The plaintiff contends that she was the most qualified applicant each time the Permanent Supervisor position was advertised, that the DCRA has offered no explanation for its serial cancellations of the vacancy announcements and that the DCRA ultimately hired an individual far less qualified than her for the position. Pl.’s Opp’n at 11-13; PL’s Mot. at 10-15. These facts, the plaintiff maintains, set forth a prima facie case of disparate treatment. 4 PL’s Opp’n at 11-13. Furthermore, the plaintiff contends that because the defendant has offered no legitimate, non-discriminatory reason for her non-selection, she is entitled to summary judgment on these claims. PL’s Mot. at 10-15.
This Circuit has made clear that in the McDonnell Douglas context,
the burden of establishing a prima facie case ‘is not onerous.’ Its function is limited to eliminating the two most common nondiscriminatory reasons for a plaintiffs rejection: ‘an absolute or relative lack of qualifications or the absence of a vacancy in the job sought.’ ‘Elimination of these reasons for the refusal to hire ... is sufficient, absent other explanation, to create an inference that the decision was a discriminatory one.’
Cones v. Shalala,
In fact, this Circuit has expressly noted that a plaintiff may satisfy the fourth element of the prima facie case through evidence that the employer did, in fact, have an available vacant position, notwithstanding the cancellation of a vacancy announcement.

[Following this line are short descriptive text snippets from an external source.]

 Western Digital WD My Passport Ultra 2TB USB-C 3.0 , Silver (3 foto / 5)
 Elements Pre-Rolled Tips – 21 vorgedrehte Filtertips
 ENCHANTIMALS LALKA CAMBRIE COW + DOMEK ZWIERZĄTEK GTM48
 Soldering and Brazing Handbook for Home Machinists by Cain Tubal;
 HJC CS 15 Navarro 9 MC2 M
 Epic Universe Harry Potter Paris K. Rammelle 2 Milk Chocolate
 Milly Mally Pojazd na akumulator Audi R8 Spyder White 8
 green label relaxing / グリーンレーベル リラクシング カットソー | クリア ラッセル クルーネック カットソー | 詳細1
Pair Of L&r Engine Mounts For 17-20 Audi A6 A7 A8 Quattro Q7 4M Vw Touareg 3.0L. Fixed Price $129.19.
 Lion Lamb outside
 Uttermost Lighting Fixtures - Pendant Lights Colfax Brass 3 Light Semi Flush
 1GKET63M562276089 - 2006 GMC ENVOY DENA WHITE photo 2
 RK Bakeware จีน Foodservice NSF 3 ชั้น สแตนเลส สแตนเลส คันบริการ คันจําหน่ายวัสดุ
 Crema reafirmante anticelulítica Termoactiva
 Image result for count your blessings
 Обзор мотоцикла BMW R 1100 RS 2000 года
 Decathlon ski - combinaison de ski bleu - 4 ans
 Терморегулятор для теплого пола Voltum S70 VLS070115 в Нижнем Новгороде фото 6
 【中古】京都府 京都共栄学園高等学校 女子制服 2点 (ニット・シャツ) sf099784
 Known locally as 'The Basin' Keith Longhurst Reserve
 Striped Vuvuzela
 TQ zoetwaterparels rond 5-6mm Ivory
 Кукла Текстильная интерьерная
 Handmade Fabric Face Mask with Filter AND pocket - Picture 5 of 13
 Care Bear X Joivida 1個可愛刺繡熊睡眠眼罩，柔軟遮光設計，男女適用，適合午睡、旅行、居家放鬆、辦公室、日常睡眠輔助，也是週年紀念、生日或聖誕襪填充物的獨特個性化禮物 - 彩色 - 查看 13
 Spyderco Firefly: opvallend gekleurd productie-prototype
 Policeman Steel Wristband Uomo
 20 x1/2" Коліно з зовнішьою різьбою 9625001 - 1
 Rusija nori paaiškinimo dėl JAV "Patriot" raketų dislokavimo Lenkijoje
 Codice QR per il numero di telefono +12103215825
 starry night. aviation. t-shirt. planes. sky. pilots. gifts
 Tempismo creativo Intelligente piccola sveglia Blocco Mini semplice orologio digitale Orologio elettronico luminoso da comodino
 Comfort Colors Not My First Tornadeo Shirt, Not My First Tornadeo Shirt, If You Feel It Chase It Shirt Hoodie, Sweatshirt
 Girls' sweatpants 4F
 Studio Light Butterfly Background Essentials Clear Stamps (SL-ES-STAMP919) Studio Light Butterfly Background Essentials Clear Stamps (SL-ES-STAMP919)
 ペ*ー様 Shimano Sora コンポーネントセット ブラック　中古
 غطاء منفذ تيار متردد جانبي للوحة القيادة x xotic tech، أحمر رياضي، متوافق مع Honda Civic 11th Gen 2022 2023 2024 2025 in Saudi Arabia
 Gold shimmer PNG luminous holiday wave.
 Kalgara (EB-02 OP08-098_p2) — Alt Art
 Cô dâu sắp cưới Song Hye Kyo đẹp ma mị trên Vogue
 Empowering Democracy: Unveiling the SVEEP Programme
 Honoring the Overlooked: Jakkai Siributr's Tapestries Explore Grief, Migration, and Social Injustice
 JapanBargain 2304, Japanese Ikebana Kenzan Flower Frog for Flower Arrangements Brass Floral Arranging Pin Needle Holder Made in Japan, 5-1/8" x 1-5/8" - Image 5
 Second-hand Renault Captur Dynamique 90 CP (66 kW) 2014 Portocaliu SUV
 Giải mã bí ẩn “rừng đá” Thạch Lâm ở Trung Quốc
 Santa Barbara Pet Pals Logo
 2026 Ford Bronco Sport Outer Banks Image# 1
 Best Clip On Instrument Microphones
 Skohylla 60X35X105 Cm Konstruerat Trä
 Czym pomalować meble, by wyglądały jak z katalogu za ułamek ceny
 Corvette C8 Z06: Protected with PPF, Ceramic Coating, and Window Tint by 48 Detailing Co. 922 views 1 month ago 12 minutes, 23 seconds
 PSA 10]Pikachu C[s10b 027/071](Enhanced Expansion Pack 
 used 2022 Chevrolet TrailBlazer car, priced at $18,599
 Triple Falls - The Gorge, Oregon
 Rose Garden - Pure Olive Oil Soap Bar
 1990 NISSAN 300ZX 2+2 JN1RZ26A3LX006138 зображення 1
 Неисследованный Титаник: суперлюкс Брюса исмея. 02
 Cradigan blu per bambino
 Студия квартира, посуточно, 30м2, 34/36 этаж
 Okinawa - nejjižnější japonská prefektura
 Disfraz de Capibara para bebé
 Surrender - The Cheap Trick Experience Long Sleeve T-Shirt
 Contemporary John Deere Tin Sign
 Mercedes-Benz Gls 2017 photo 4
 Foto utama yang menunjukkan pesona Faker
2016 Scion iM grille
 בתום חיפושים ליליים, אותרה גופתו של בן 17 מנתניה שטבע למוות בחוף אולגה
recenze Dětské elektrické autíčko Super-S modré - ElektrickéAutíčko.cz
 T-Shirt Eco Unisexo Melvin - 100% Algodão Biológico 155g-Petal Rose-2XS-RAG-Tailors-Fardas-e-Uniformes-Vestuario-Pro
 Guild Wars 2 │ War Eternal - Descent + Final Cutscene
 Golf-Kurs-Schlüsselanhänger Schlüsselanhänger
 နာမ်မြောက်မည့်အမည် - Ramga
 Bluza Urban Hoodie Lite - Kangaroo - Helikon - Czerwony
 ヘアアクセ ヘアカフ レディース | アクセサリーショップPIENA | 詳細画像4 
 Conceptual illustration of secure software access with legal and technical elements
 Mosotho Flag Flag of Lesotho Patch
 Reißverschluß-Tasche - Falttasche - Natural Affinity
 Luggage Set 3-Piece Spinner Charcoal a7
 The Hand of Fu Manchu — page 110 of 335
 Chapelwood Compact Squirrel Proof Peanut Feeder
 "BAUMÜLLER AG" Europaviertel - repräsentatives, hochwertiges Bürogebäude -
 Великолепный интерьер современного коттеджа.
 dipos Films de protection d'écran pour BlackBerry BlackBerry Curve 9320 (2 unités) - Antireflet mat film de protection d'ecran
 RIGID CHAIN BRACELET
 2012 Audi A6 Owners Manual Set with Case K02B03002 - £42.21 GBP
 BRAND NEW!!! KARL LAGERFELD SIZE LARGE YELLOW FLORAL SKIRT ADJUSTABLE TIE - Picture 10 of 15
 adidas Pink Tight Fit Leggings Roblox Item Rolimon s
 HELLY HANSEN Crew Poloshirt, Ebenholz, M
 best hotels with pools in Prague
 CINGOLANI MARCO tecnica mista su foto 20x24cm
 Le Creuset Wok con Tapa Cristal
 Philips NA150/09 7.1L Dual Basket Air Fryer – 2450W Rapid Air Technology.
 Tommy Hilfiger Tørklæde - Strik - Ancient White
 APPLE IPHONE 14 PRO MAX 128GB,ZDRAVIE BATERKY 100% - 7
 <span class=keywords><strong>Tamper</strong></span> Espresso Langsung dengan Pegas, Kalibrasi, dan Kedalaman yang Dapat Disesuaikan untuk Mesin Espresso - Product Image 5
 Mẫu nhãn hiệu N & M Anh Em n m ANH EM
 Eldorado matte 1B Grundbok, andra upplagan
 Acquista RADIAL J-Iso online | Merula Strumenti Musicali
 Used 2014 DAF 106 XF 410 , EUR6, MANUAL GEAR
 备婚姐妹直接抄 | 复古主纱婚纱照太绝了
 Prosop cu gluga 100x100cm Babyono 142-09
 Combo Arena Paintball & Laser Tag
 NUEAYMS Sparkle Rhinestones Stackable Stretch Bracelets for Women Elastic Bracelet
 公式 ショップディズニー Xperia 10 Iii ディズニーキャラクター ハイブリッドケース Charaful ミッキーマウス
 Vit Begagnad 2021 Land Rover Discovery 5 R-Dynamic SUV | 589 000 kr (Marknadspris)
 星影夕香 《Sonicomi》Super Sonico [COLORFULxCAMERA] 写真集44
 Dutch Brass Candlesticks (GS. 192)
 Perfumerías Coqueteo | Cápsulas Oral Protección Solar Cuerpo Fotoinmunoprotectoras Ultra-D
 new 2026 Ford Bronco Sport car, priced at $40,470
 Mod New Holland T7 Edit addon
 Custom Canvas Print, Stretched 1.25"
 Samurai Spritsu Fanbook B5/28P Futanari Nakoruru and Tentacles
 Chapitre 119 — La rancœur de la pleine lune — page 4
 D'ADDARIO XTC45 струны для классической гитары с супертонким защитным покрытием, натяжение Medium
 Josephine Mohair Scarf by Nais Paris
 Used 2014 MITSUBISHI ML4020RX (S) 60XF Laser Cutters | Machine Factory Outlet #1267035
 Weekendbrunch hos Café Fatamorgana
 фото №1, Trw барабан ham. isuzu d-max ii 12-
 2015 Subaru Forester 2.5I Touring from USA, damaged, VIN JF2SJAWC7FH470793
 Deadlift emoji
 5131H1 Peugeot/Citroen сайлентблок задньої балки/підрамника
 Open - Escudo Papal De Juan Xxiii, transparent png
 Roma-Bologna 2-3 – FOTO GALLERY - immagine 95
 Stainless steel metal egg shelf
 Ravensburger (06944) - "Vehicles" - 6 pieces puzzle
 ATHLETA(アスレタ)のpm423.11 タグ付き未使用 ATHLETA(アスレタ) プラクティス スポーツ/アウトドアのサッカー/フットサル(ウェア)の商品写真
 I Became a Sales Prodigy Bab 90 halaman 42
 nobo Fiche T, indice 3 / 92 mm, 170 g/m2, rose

See Carter v. George Wash. Univ.,
Here, after cancelling the first vacancy announcement on June 9, 2005, the DCRA began advertising the same position less than two months later on August 1, 2005. Def.’s Mot. at 2. Then, after cancelling the second vacancy announcement on September 28, 2005, the DCRA readvertised the position just one week later, on October 3, 2005.
Id.
This series of cancellations, followed by the immediate reposting of the position, hardly indicates the “absence of a vacancy in the job sought.”
Cones,
Although the defendant would have this court adopt a categorical rule that the cancellation of a vacancy announcement can never give rise to a discrimination claim,
see
Def.’s Mot. at 6-10; Def.’s Reply at 3-7, this assertion is contrary to existing law,
see Carter,
The parties do not dispute that the plaintiff belonged to a protected class, was qualified for the job and, despite her qualifications, was not selected for the position.
See generally
Defs.’ Mot.; Defs.’ Reply; Def.’s Opp’n; PL’s Mot.; PL’s Reply; PL’s Opp’n. Thus, the court concludes that the plaintiff has satisfied all four elements of a prima facie case of discrimination based on her non-selections.
See Teneyck,
Because the plaintiff has set forth a prima facie case, the burden shifts to the defendant to articulate a legitimate, nondiseriminatory reason for the plaintiffs non-selection. See id. at 1151. The plaintiff contends that because the defendant has not articulated such a justification, the court should grant summary judgment in her favor. PL’s Mot. at 6-15.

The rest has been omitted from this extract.